Ícaro mora com a avó e a mãe na periferia de Paulista, na Região Metropolitana do Recife. No dia da consulta, estava com outros colegas da escola. O município tem um programa cujo objetivo é realizar exames e entregar gratuitamente óculos de grau a estudantes da rede municipal. “O que mais chama a atenção é que muitos pais e responsáveis falam que não teriam dinheiro para comprar os óculos”, diz Juliana Silva, coordenadora do programa Olhar Paulista.
Uma triagem é feita nas escolas e as crianças com alguma dificuldade no teste de acuidade visual são encaminhadas ao Centro de Visão de Pernambuco (Cevipe), onde passam por exames e, se preciso, recebem óculos adquiridos pela prefeitura junto ao Lafepe. De 2015 até agora, 500 alunos passaram no Cevipe e 288 precisaram de óculos de grau.
Isabelly Victória de Freitas, 9, está no 4° ano e, desde o ano passado, sente a visão embaçada, ardendo e lacrimejando. “Sei ler, mas não estou conseguindo ler direito por conta da vista”, lamenta a menina. Assim como Ícaro, vai precisar usar óculos.
Ao todo, 17 municípios têm, atualmente, convênios com o Lafepe, todos do interior, com exceção de Paulista. No final do mês que vem, os bairros do entorno do Compaz Governador Eduardo Campos, no Alto Santa Terezinha, no Recife, também vão receber uma ação, chamada Visão do Futuro. O lugar foi escolhido porque tem 43 escolas municipais com 11.993 alunos, além de 79 escolas estaduais com 60.734 alunos, e não tem serviço de oftalmo próprio. Estima-se que pelo menos 290 alunos de cinco escolas municipais e duas estaduais receberão óculos do Lafepe.
A Fundação Altino Ventura capacita profissionais para o atendimento, enquanto a Fundação Itaú vai financiar os custos com a produção dos óculos e com a capacitação da mão-de-obra.
Um outro programa, chamado Boa Visão, foi transformado pelo governo estadual em lei em dezembro de 2011 e colocado em prática no ano seguinte. As ações começaram na Região Metropolitana e seguiram para o interior. A próxima acontece em formato de mutirão, nos dias 12 e 13 de junho, junto a cinco mil alunos, em Garanhuns. “Os alunos com dificuldade de visão são tachados de hiperativos, desatentos, repetem o ano, faltam às aulas. A ação promove qualidade de vida para o aluno. Alguns já nasceram assim e acham que o embaçado é normal. Faz parte. Quando promovemos a assistência e resolvemos, vemos que começam a ter autoestima, interesse nas aulas.
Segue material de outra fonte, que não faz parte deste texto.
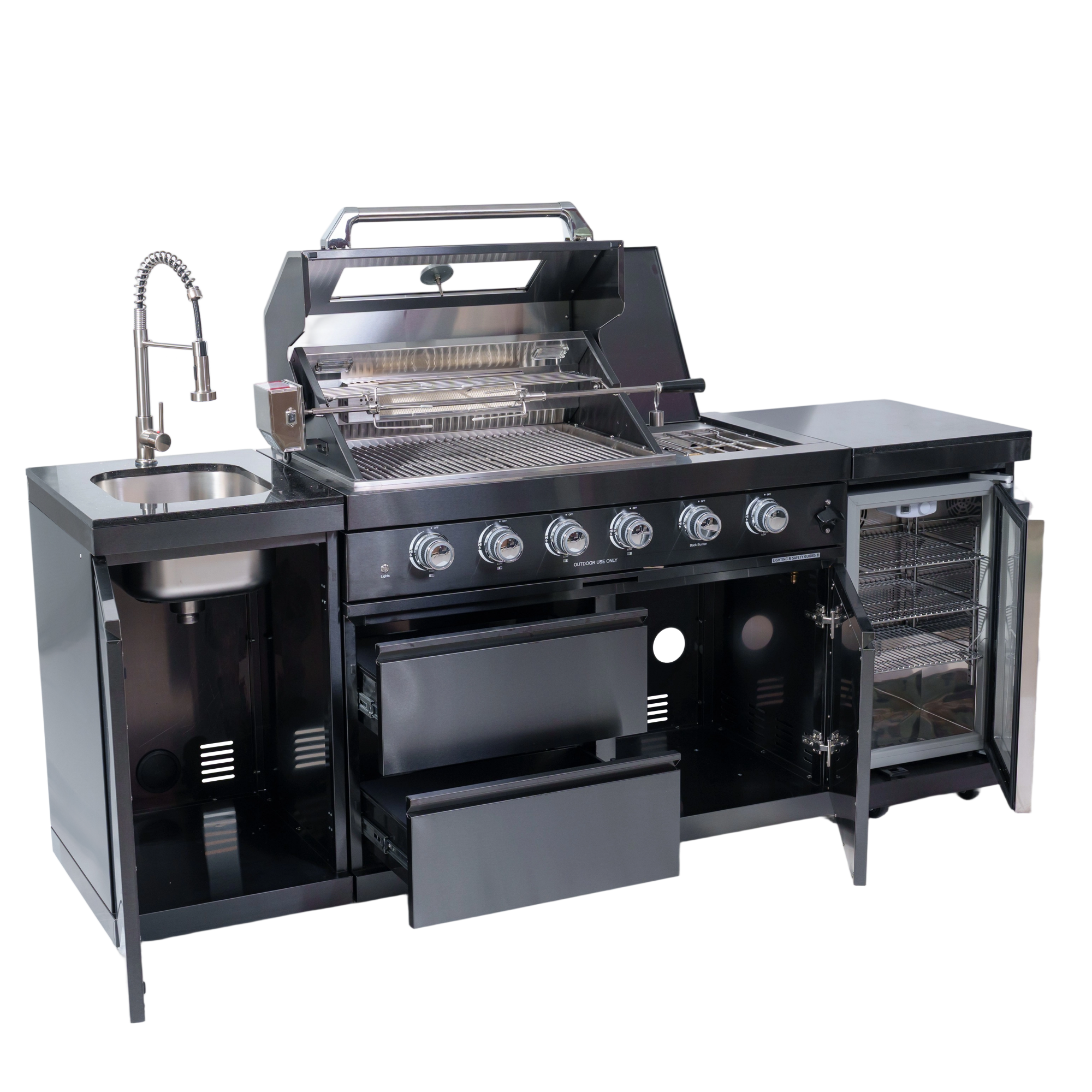 NG 85" 4-Burner 72,000 BTU Black Outdoor Kitchen Island Grill + Refrigerator + Sink by Chery Industrial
Tudo muda. Há promoção de saúde e inserção social”, reflete Maíra Ramos, gerente do Boa Visão. A ação de Garanhuns será feita em conjunto com a ONG OneSight, Lafepe e Fundação Altino Ventura.
Como repórter, já passei pela experiência de entrevistar uma menina que, longe da escola porque não conseguia enxergar o quadro, passou a ser explorada sexualmente por homens mais velhos no bairro onde morava, em Brasília Teimosa. Depois do afastamento, o caminho de volta à escola é sempre mais tortuoso. E pode nem acontecer. O diagnóstico precoce e o acesso a um par de óculos são importantes para qualquer criança e adolescente com dificuldade visual. Mas são ainda mais significativos quando falamos de pessoas em situação de pobreza.